Some things can be repeated multiple times per compiled object, without causing a compilation error.

This is true for forward declarations of classes, for example, and function declarations, and include guards could then be omitted from something like the following, without any problems:

// (SingleEdgesPartition.h)

class iGraph;
class cBitVector;

void
SingleEdgesPartition(
        const iGraph& graph,
        cBitVector& edgeSplitFlags
        );

Guarding against repeat inclusion for such a header doesn't hurt, however, and will probably also result in slightly faster compilation.

'Using' include files

Use of include files is a very common part of the average C/C+ programming work flow.

By 'use of' an include file, I'm referring to situations where we're working on some code, find we need to reference some other code, and add a new include line for this purpose. We could also talk about being an include file 'consumer'.

You might have seen the following quote, about the important of making source code readable:

"Indeed, the ratio of time spent reading versus writing is well over 10 to 1. We are constantly reading old code as part of the effort to write new code. ...[Therefore,] making it easy to read makes it easier to write."

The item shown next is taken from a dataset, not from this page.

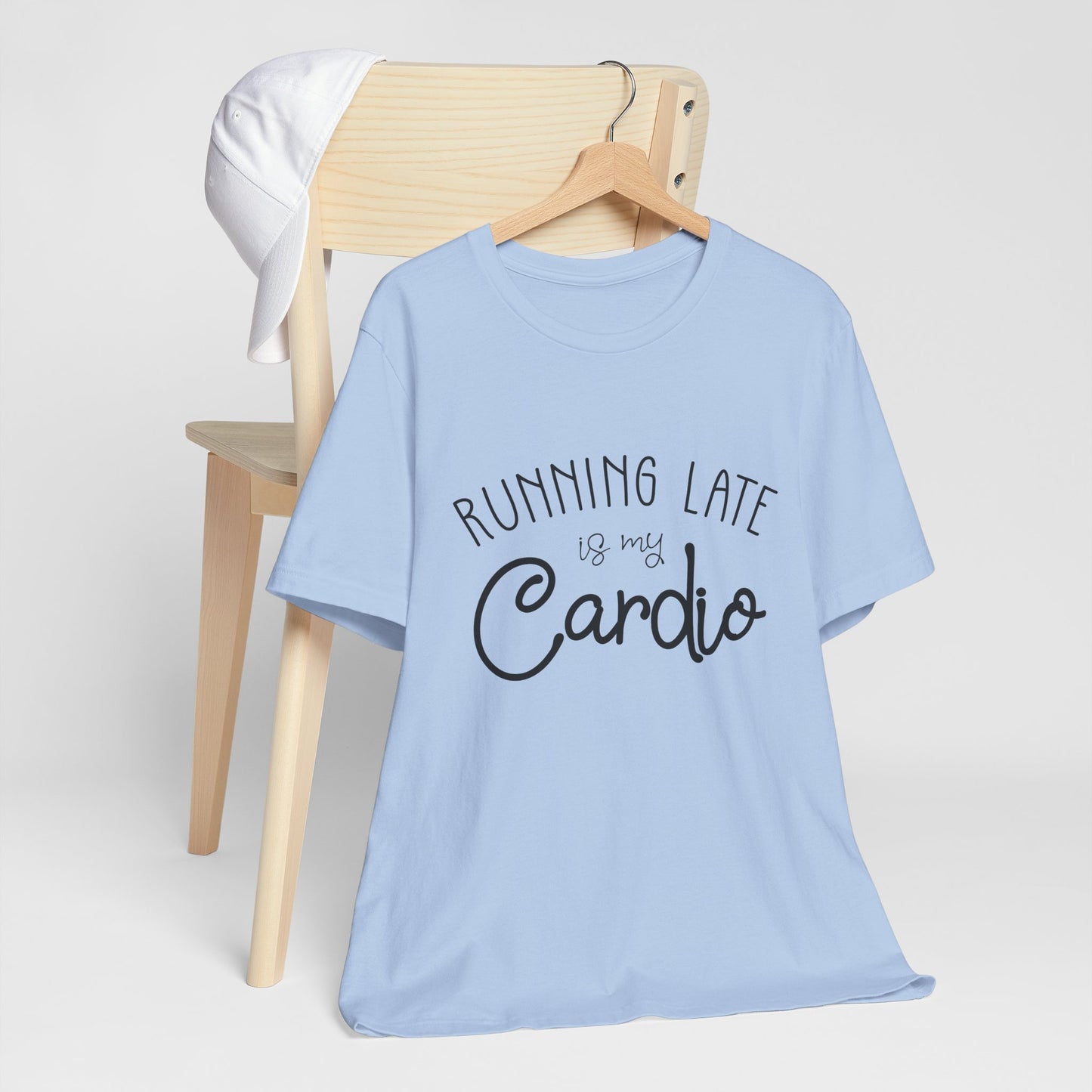 Men's T-Shirt - Running Late is my Cardio Tee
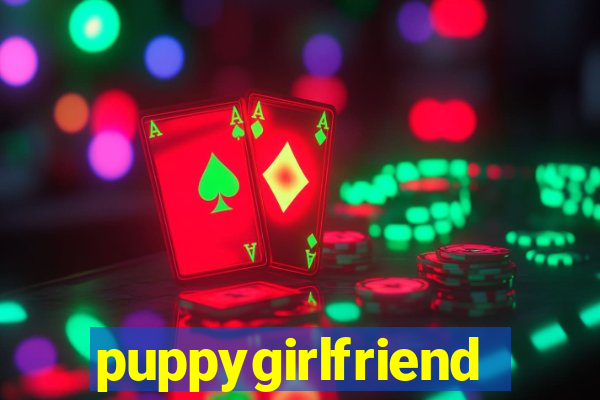 puppygirlfriend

--- Robert C. Martin, Clean Code: A Handbook of Agile Software Craftsmanship

Well I think a similar principle applies to include files, i.e. more time will be spent 'using' than writing the average include file. Ease of use trumps other considerations, and we should 'optimise' header files for this.

This is a theme which then underlies many of the rules in this post.

When we add a new include line somewhere in our source code, one of two things can happen, depending on how our headers are set up:

  1. Affected objects continue to compile correctly, and we can go on with our work.
  2. Or the new include line breaks the build. We have to figure out why, potentially solving some kind of constraint satisfaction puzzle, and change other include relationships, or the order of other includes, to get things working again.

For such a common action I think it's imperative to avoid costly breaks in programmer flow, and ensure the first of these two things happen, as much as possible.

Don't make the user resolve dependencies

The following rule follows directly from this:

  • 5. Each header should be self-sufficient.

Headers shouldn't make assumptions about what has already been included. Anything that needs to be included in order for the header to compile should be included, directly, at the top of the header itself.

Moving towards self-sufficiency

This rule, btw., is something that's usually easy to work towards incrementally. If we have a large code base that doesn't satisfy this requirement, we can often add include lines to headers as and when we notice that these include lines are required in order to make a certain header file more self-sufficient.

'Standard' headers

It's a common pattern to see certain things used throughout a particular codebase, and to pull the relevant includes out into a single standard header, to be included at the top of every source file. Maybe this standard header is also set up as a precompiled header.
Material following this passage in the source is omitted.